Debezium Features
Debezium is a set of source connectors for Apache Kafka Connect. Each connector ingests changes from a different database by using that database’s features for change data capture (CDC). Unlike other approaches, such as polling or dual writes, log-based CDC as implemented by Debezium:
Ensures that all data changes are captured.
Produces change events with a very low delay while avoiding increased CPU usage required for frequent polling. For example, for MySQL or PostgreSQL, the delay is in the millisecond range.
Requires no changes to your data model, such as a “Last Updated” column.
Can capture deletes.
Can capture old record state and additional metadata such as transaction ID and causing query, depending on the database’s capabilities and configuration.
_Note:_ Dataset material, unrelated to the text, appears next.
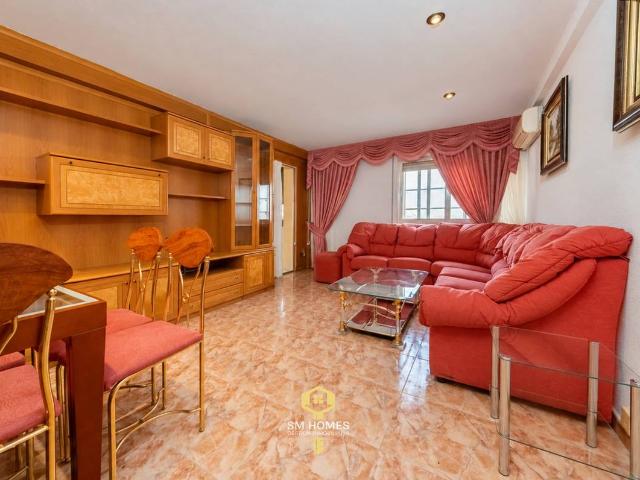 Piso en Venta en La Espinilla Parque Blanco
Five Advantages of Log-Based Change Data Capture is a blog post that provides more details.
Debezium connectors capture data changes with a range of related capabilities and options:
Snapshots: optionally, an initial snapshot of a database’s current state can be taken if a connector is started and not all logs still exist. Typically, this is the case when the database has been running for some time and has discarded trannsaction logs that are no longer needed for transaction recovery or replication. There are different modes for performing snapshots. See the documentation for the connector that you are using.
Filters: you can configure the set of captured schemas, tables and columns with include/exclude list filters.
Masking: the values from specific columns can be masked, for example, when they contain sensitive data.
Monitoring: most connectors can be monitored by using JMX.
Ready-to-use message transformations for:
Extraction of new record state for relational connectors and for the MongoDB connector
Routing of events from a transactional outbox table
See the connector documentation for a list of all supported databases and detailed information about the features and configuration options of each connector.